Toccherà all’uomo che verrà e a noi che siamo i suoi eredi il compito di studiare questi relitti testimoni di un universo di forme in continua trasformazione, in parte già estinte, o condannate a sparire se smettiamo di ascoltare le voci e la lingua con cui palano tra loro e con noi coabitanti sopraggiunti a stravolgere col nostro arrogante dominio ogni equilibrio.

Il tragitto attraverso questa giungla si interrompe contro un fondale centrale. Il panorama rosato di rocce e di fenditure di un canyon, su cui l’artista ha disegnato e evidenziato in un nero cupo il profilo ingigantito di un fossile. Quel che resta di una conchiglia, vita animale anche quella, che ci racconta la morte che ha chiuso il suo ciclo, facendola pietra. Insabbiandola contro la carne di quella montagna che ha preso il posto del mare, e si è costruita su un succedersi di strati, un succedersi di vite che scandiscono la presenza, la bellezza e i paesaggi dell’inorganico.

Come dire che Noi uomini governiamo su cimiteri di destini e memorie, solo in apparenza diversi da quelli che onoriamo con croci e recinti e difendiamo da oltraggi e saccheggi eleggendoli ad altari ed emblemi di supremazia della nostra civiltà. E’ il monito, attualissimo per la crisi ecologica che stiamo vivendo e non riusciamo a fermare, che Pietro Ruffo affida ad una seconda serie di lavori, commissionati dal Campidoglio ed esposti ad epilogo della mostra nelle sale vicine.

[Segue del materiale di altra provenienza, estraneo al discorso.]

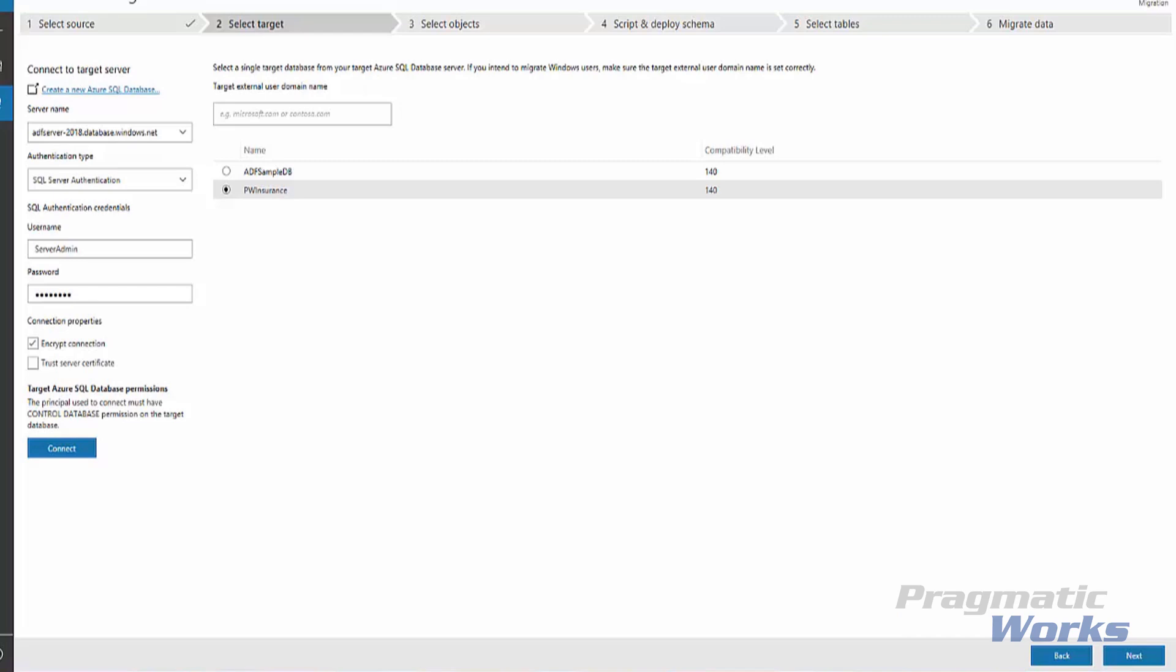Now we're specifying the target server and database. For the target, under Connect to the target server in the Server Name text box, we're going to enter the name of the Azure SQL Database instance. We will select the authentication type supported by the target Azure SQL Database instance. In this case, SQL authentication server authentication. We've entered our user credentials and selected the encrypt connection. Once we click Connect,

Una cavalcata attraverso il tempo e le tappe biografiche della nostra città, affidata a un susseguirsi di immagini confezionate con la stessa tecnica con strati di carta dipinta ritagliati e sovrapposti.

Anche qui il segno di partenza è quello dei fossili. Creature mummificate. Dalle conchiglie al cranio del Neanderthal di Sacco Pastore, progenitore della specie umana scalzato dall’Homo Sapiens: una sagoma inquietante che l’artista ha appeso a un filo come fa nei quadri seguenti con i monili e le punte di frecce lavorate, simboli di una preistoria della specie che sta diventando storia.

L’ultima sequenza è riservata ai grandi monumenti di Roma, l’arco di Tito, le Mura Aureliane, l’interno del Pantheon, la cupola di San Pietro e altre chiese, Un montaggio di vecchie stampe riprodotte sullo sfondo. E sopra radici e gambi di rampicanti e altre specie vegetali, nati tra le rovine. Passato e Presente. Vita e morte. È l’Antropocene. L’era che stiamo vivendo. Spesso senza renderci conto del peso distruttivo da primattori che ci siamo assunti. Impauriti e offesi dalla nostra mortalità.